INFORMATION SHOWN:
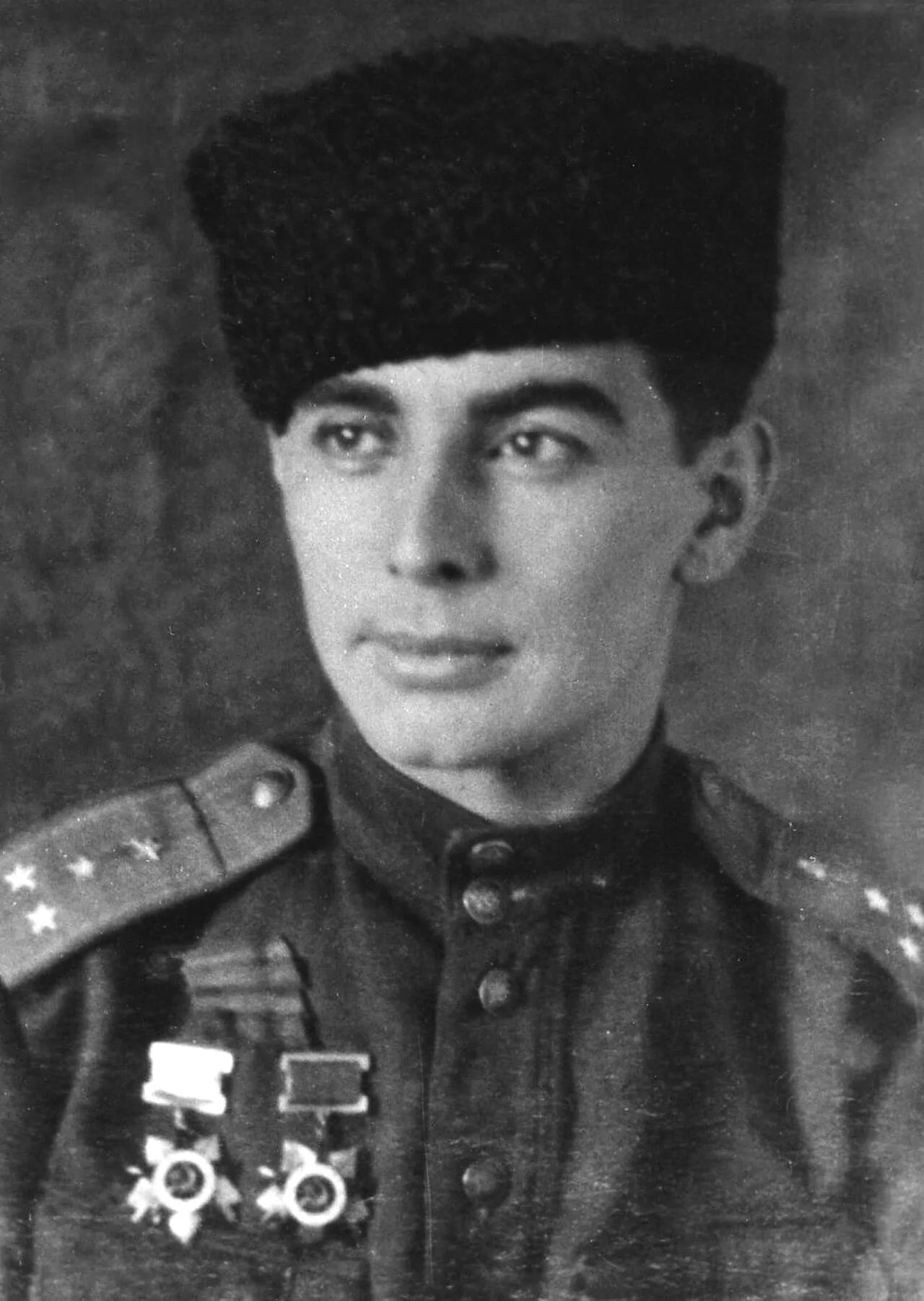 Porträt von Teyfuq Abdul (1915–1945) – Gedenkseite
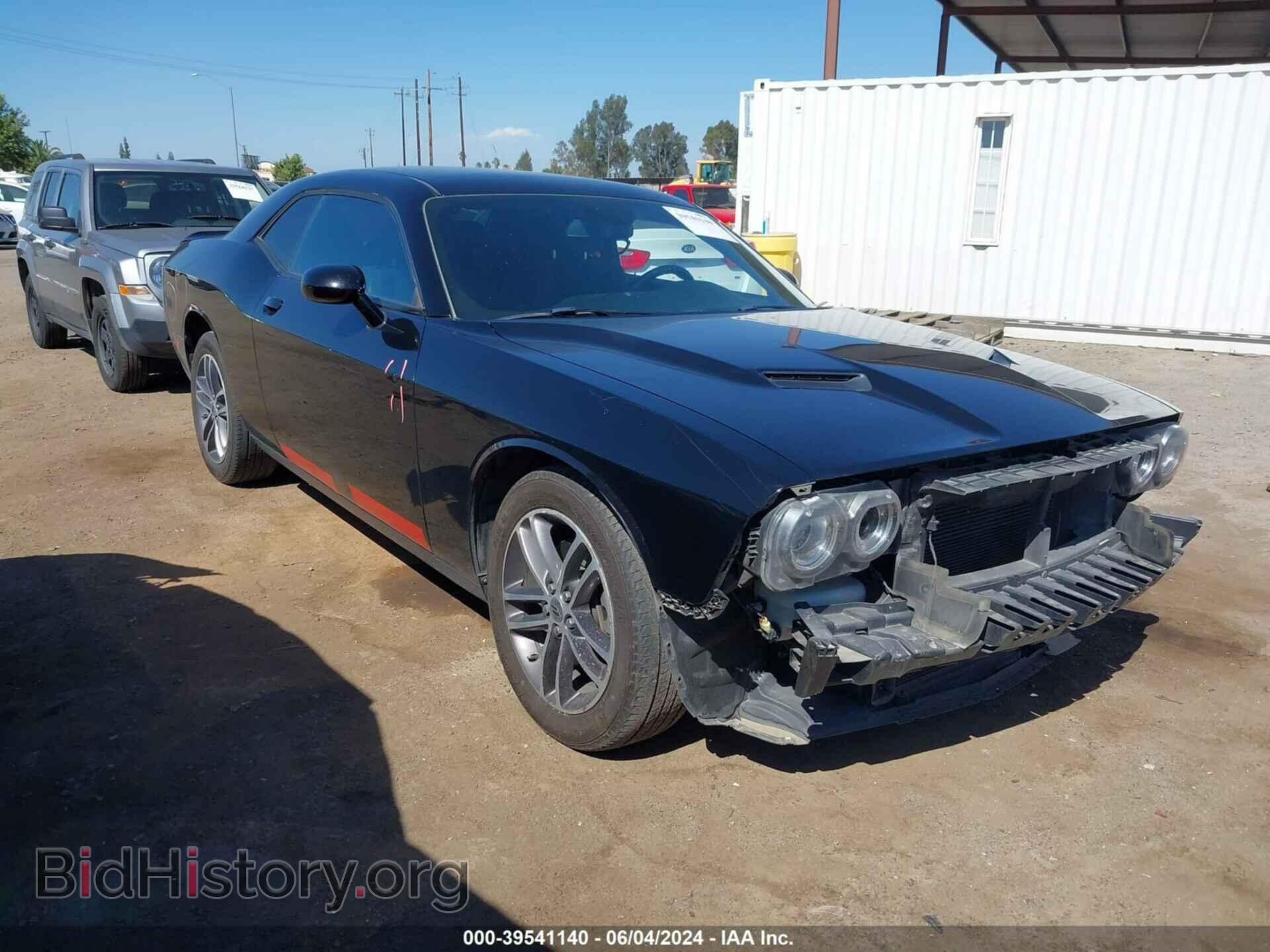 Photo 2C3CDZGG4KH628073 - DODGE CHALLENGER 2019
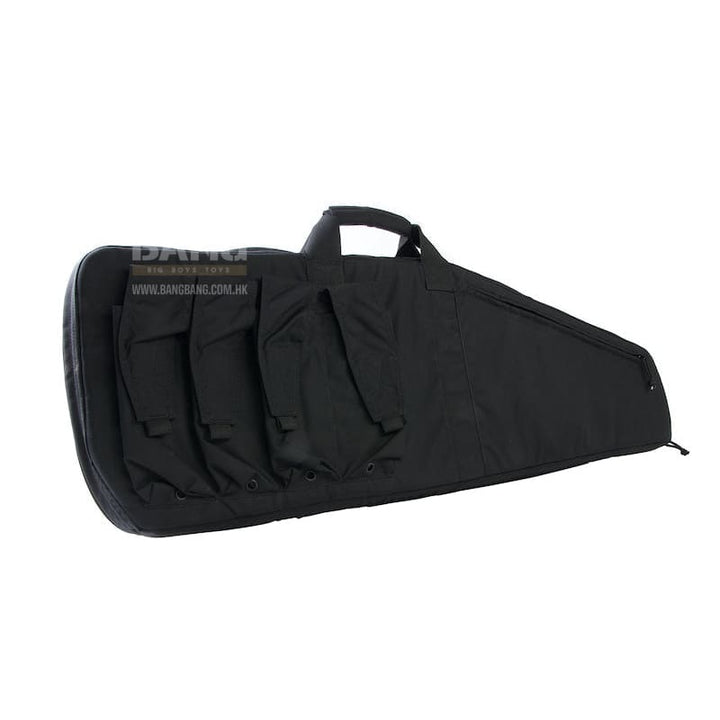 OPS Padded Rifle Case - Black (Dimensions : 36 x 2.75 x 12 inch) - Bang Bang Airsoft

WHAT THE EXERCISE ASKS: Return the material in full, word for word, and skip the pictures.

FINAL ANSWER:
 Porträt von Teyfuq Abdul (1915–1945) – Gedenkseite
 Photo 2C3CDZGG4KH628073 - DODGE CHALLENGER 2019
 OPS Padded Rifle Case - Black (Dimensions : 36 x 2.75 x 12 inch) - Bang Bang Airsoft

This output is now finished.